02Qu’est-ce que le gluten ?

Le gluten n’existe pas tel quel dans le grain de blé. Ce sont deux familles de protéines, les gliadines et les gluténines, qui dorment séparément dans l’amande du grain, en réserve pour nourrir la future graine germée. Ensemble, elles appartiennent à la grande famille des prolamines, des protéines de réserve que l’on retrouve dans la plupart des céréales. Il faut de l’eau et du pétrissage pour les réveiller : au contact du liquide, elles se réorganisent et tissent un réseau souple et élastique. C’est ce maillage tridimensionnel, et lui seul, que l’on appelle véritablement gluten.

Le mot vient du latin glu, « colle ». Un nom mérité : c’est cette élasticité qui retient les bulles de gaz carbonique produites par la fermentation et permet à la pâte de lever.

03Où trouve-t-on le gluten ?

On l’associe spontanément au blé, mais toute la tribu des céréales panifiables en contient à des degrés divers : l’épeautre et le petit épeautre, le kamut, le seigle, l’orge et, par contamination croisée lors des récoltes, l’avoine ordinaire. Le maïs, le riz, le sarrasin et le quinoa appartiennent à d’autres familles botaniques et n’en développent pas.

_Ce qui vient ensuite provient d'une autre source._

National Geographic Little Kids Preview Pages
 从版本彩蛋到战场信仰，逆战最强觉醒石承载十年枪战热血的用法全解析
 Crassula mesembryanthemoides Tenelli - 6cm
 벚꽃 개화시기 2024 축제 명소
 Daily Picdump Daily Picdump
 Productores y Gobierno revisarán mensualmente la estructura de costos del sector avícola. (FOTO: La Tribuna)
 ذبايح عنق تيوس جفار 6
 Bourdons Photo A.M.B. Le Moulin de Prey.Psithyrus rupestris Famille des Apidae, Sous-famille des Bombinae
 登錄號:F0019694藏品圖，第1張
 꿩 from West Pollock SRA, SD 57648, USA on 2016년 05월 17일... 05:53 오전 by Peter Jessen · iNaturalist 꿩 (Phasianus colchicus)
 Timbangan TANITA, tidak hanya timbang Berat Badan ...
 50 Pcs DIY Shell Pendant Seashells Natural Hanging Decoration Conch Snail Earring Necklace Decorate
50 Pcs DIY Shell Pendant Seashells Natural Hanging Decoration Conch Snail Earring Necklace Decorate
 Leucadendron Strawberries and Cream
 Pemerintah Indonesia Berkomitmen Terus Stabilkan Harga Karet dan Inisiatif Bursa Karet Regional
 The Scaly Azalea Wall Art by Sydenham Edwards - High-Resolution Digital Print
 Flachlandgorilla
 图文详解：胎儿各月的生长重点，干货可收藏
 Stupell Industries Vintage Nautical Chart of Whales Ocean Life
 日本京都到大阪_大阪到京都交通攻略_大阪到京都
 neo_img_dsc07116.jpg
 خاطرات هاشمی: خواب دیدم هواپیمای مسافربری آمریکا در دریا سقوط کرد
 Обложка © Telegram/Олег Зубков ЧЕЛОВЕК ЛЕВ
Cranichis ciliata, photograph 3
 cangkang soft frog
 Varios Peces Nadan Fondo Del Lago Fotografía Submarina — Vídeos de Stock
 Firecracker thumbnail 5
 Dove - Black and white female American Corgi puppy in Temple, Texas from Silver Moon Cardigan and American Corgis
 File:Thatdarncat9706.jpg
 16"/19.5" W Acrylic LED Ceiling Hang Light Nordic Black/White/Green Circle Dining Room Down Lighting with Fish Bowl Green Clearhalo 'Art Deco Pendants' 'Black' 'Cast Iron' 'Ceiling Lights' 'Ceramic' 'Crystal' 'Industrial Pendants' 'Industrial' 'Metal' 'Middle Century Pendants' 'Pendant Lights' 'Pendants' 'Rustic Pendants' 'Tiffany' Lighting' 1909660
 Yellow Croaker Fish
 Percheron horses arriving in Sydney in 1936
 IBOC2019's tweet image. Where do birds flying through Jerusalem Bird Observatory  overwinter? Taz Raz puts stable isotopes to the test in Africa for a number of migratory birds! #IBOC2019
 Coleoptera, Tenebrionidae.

Au-delà des céréales elles-mêmes, le gluten se cache souvent là où on ne l’attend pas : sauces industrielles, charcuteries, bouillons, bières, certains médicaments et compléments alimentaires utilisant l’amidon de blé comme excipient. D’où l’importance de savoir décoder une étiquette.

Décoder les étiquettes

En France comme dans le reste de l’Union européenne, le gluten fait partie des quatorze allergènes à déclaration obligatoire : il doit apparaître dans la liste des ingrédients, mis en évidence (le plus souvent en gras). Deux mentions sont strictement encadrées par le Codex Alimentarius de l’OMS et de la FAO : « sans gluten » (moins de 20 mg/kg, seuil considéré sûr pour les cœliaques) et « très faible teneur en gluten » (moins de 100 mg/kg, déconseillée en cas de maladie cœliaque diagnostiquée).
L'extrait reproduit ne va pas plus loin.